The duty of the Court of Appeal as first appellate Court is provided under Rule 30 (1) of the Court of Appeal Rules. The Court is duty bound to re-appraise the evidence and draw its own conclusion of fact.

The Supreme Court in the case of Kifamunte Henry Vs Uganda (SCCA No. 10 of 1997) held that it is the duty of the first appellate Court to rehear the case on appeal by reconsidering all the materials which were before the trial Court   and make its own mind and failure to do so amounts to an   error of law. 

This is a second appeal. This Court does not have the duty to re-evaluate evidence unless it has been shown that the first appellate Court did not re-evaluate the evidence on record.  In Areet Sam Vs Uganda (Criminal Appeal No. 20 of 2005) the Supreme reiterated the above duty in the following terms:-

“We also agree with Counsel for the respondent that it is trite law that as a second appellate Court we are not expected to re-evaluate the evidence or question the concurrent findings of facts by the High Court and Court of Appeal.  However, where it is shown that they did not evaluate or re-evaluate the evidence or where they are proved manifestly wrong on findings of fact, the Court is obliged to do so and to ensure that justice is properly and truly served..”

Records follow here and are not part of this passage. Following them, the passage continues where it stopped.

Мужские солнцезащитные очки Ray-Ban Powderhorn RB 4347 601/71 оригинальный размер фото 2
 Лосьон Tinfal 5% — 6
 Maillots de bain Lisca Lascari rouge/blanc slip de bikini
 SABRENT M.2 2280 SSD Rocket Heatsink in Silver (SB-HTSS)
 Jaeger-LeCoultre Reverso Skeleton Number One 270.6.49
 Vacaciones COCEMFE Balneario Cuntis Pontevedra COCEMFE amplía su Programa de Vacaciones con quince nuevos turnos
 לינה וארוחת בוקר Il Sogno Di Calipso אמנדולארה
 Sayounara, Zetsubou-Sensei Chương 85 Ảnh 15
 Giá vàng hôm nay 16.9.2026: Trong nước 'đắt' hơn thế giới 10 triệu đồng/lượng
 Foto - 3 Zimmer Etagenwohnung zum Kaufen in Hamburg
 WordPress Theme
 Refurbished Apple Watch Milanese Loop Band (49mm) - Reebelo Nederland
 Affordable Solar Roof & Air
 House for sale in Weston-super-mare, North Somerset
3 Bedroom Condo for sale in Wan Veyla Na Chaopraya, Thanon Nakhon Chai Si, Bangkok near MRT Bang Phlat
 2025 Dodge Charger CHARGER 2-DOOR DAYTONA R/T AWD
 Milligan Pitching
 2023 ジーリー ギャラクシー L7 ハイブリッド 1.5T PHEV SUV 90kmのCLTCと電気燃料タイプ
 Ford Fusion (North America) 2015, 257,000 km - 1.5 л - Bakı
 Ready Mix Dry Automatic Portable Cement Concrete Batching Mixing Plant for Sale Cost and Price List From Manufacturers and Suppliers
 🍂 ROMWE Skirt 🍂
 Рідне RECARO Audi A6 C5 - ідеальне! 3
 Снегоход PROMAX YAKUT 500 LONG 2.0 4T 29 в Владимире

In the instant case the High Court relied on the testimony of Bahati (PW2) who negotiated with the appellant for transportation of his coffee to Kampala.  The two engaged in a conversation as the coffee was being loaded at Ishaka and Kabale.  The conversation took a considerably long time during which PW2 noticed that the appellant’s left hand fingers were bent.  PW2 asked the appellant what happened and he explained that he had been shot during the war.  PW2 returned to Ishaka from Kabale while Umar Nsubuga (PW1) continued on the journey with the appellant. He was assaulted and blind folded after the weighbridge in Mbarara but before that he had had a ample opportunity to observe him and could readily recognise him.  Nakayiwa (PW3) and Nsimbe (PW4) had identified him when the coffee was offloaded at PW3’s factory.  The High Court also relied on the fact that on the day of his arrest the appellant was found in a garage where he was supervising the change of the looks of his lorry. 

We have set out the above evidence because it is the same evidence the Court of Appeal re-evaluated before coming to the same conclusion that all the witnesses who testified to have seen the appellant in Ishaka, Kabale Mbarara and Kampala had dealt with him in broad day light and spent with him a considerably long time and thus had ample opportunity to recognise him.  We would like to single out Bahati (PW2), who, during the conversation with the appellant observed a deformity on his fingers for which he offered an explanation.  In our view, Mr. Kunya’s complaint that the Court of Appeal failed to adequately re-evaluate the evidence on record as regards identification has no basis and we find no basis for questioning the concurrent findings of facts by the High Court and Court of Appeal that the factors favoured a correct identification being made.

Mr. Kunya also submitted that none of the Courts below considered the fact that the appellant was not known to any of the witnesses before, a factor which was unfavourable for correct identification being made.  We are aware of the case of Abdulah Nabulele & others Vs Uganda, Court of Appeal, Criminal Appeal No. 9 of 1978 where it was observed that the length of time, the distance, the light and familiarity of the witness with the accused are factors which go to the quality of the identification evidence.  In this case, although the appellant was a stranger to the witnesses, the length of time and the interaction with him in diverse places in broad day light make the factor irrelevant.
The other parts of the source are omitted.